Here's what actually happened: numbers on screens changed color. Red replaced green. Traders who bought calls on Friday began refreshing their brokerage apps with the manic energy of divorced dads checking Tinder. The selling continued because the selling continued. That's it. That's the whole story.

But Tuesday's session will be different, the headline promises. Big stock stories ahead. Likely to move the market. What a load of shit. The market will move because the market always moves. Sometimes up. Sometimes down. Occasionally sideways just to f*ck with the weekly options crowd.

Alphabet dropped 5% and took the indices with it because Alphabet is worth more than the GDP of most countries and gets included in every index that matters. When a company that size moves, everything moves. This is not analysis. This is arithmetic. A golden retriever could understand this.

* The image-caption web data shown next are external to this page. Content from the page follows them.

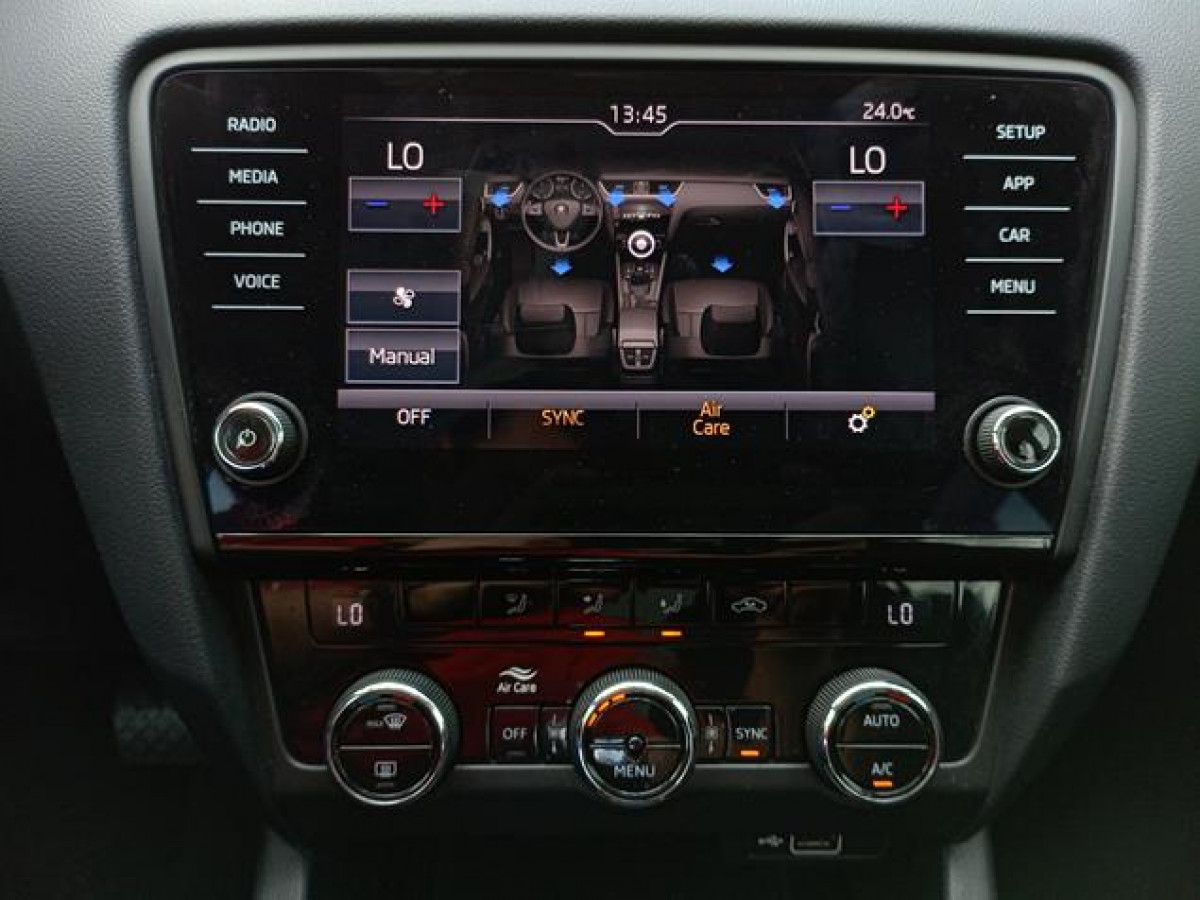 Škoda Octavia 2.0 TDI Style DSG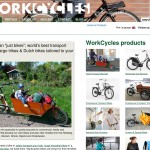 WorkCycles: The bike business for cargo bike, transport Bike and especially stable bicycles German online store
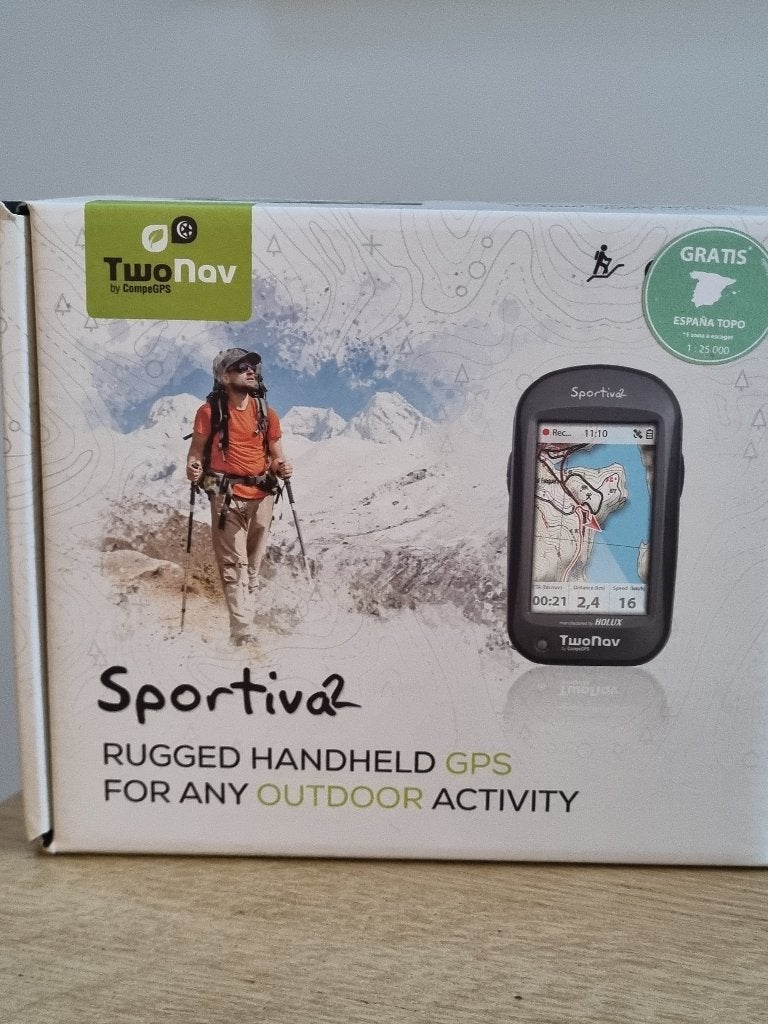 wandel GPS SPORTIVA 2, Ophalen of Verzenden, Nieuw, Navigatie of Gps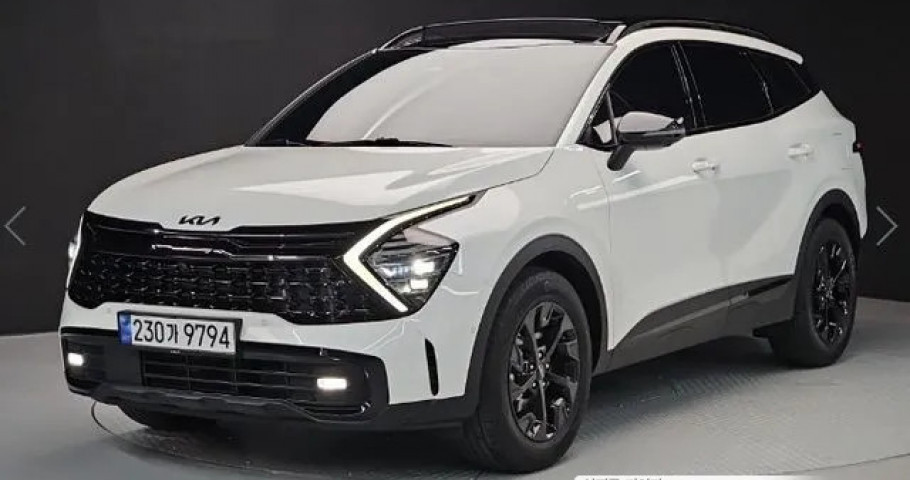 Kia Sportage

Yet here comes Tuesday, promising new stories, fresh catalysts, reasons for things. The financial media will point to earnings reports or Fed speeches or geopolitical tensions. They'll draw lines connecting dots that don't exist. Retail traders will nod along, convinced they're learning something, then proceed to lose money for reasons completely unrelated to whatever Bloomberg said at 6 AM.

The charts don't care about your stories. Support held or it didn't. Resistance broke or it didn't. Volume came in or it stayed home. Everything else is a bedtime story for adults who need to believe their losses mean something.

Tuesday will arrive. Stocks will move. CNBC will explain why. None of the explanation will help you. The tech giants that sold off Monday might bounce, might crater further, might chop around in a range that stops out both bulls and bears before lunch. And on Wednesday, there will be another headline promising to tell you what moves the market next, as if anyone ever knew.